**ACTIVITY**
Below are entries. Copy exactly the lines running from the line that holds "an outdoor patio" to the line that holds "Beige lamion rug", with both ends included.
⁂
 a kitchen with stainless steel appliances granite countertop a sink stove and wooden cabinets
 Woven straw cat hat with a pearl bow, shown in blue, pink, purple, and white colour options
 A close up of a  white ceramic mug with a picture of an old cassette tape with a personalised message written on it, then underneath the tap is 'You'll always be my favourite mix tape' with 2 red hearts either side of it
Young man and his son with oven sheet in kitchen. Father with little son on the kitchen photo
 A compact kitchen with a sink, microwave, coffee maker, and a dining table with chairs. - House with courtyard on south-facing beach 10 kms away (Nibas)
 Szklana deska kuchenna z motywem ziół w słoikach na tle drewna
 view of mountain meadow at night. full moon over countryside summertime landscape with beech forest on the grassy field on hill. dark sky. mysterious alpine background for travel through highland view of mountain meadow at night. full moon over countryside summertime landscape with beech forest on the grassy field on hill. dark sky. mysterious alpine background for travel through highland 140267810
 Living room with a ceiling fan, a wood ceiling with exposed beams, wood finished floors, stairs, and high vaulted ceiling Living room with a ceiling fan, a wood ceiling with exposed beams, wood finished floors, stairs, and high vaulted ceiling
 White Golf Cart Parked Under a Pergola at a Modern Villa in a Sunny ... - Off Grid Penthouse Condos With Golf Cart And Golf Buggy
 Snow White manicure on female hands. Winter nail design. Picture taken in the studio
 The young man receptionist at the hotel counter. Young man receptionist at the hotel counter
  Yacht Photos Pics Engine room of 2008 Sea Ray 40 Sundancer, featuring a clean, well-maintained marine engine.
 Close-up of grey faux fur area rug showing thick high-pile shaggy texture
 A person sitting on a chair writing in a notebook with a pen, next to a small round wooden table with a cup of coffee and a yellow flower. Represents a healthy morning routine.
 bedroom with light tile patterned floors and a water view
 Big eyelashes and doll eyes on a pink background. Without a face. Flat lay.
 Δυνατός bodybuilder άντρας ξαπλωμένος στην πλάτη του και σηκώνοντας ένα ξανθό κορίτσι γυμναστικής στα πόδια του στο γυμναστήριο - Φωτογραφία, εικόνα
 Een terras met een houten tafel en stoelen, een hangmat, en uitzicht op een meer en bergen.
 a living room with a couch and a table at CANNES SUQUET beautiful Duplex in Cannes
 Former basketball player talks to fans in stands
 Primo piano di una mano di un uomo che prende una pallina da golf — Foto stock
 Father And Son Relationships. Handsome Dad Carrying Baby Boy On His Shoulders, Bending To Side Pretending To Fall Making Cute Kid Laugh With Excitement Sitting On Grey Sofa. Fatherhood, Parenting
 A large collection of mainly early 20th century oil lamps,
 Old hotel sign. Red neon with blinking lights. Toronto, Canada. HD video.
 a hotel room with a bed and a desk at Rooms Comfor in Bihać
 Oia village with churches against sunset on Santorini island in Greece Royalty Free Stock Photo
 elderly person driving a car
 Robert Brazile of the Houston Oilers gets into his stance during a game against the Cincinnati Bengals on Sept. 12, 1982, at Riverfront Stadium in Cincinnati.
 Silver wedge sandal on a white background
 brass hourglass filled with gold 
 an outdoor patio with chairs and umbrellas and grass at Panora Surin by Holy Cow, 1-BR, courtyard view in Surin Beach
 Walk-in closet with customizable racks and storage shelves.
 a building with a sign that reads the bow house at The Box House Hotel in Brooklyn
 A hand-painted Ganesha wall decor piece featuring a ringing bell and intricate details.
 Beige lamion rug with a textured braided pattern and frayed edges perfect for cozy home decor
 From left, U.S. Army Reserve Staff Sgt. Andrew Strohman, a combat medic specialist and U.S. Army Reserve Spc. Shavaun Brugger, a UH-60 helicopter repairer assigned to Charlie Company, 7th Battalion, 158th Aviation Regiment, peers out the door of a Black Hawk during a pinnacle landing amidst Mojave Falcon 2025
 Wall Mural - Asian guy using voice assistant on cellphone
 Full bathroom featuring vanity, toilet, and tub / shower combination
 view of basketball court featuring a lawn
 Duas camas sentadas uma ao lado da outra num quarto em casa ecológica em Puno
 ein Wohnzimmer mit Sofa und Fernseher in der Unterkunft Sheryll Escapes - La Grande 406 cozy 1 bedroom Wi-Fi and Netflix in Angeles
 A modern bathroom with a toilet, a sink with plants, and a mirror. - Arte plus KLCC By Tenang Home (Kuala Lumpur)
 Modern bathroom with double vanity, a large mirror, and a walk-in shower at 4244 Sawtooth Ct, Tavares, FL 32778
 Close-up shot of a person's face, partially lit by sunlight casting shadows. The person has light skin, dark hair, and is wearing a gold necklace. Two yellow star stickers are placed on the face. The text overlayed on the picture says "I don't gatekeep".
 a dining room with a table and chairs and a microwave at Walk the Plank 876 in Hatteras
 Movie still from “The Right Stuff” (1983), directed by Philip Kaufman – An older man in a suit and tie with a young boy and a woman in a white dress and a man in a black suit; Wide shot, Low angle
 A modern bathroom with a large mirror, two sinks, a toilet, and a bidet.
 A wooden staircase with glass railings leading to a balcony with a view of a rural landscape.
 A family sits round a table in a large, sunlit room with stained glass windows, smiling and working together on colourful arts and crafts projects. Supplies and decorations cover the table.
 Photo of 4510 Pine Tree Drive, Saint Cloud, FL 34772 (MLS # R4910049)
⁂
**FINISHED TASK**
 an outdoor patio with chairs and umbrellas and grass at Panora Surin by Holy Cow, 1-BR, courtyard view in Surin Beach
 Walk-in closet with customizable racks and storage shelves.
 a building with a sign that reads the bow house at The Box House Hotel in Brooklyn
 A hand-painted Ganesha wall decor piece featuring a ringing bell and intricate details.
 Beige lamion rug with a textured braided pattern and frayed edges perfect for cozy home decor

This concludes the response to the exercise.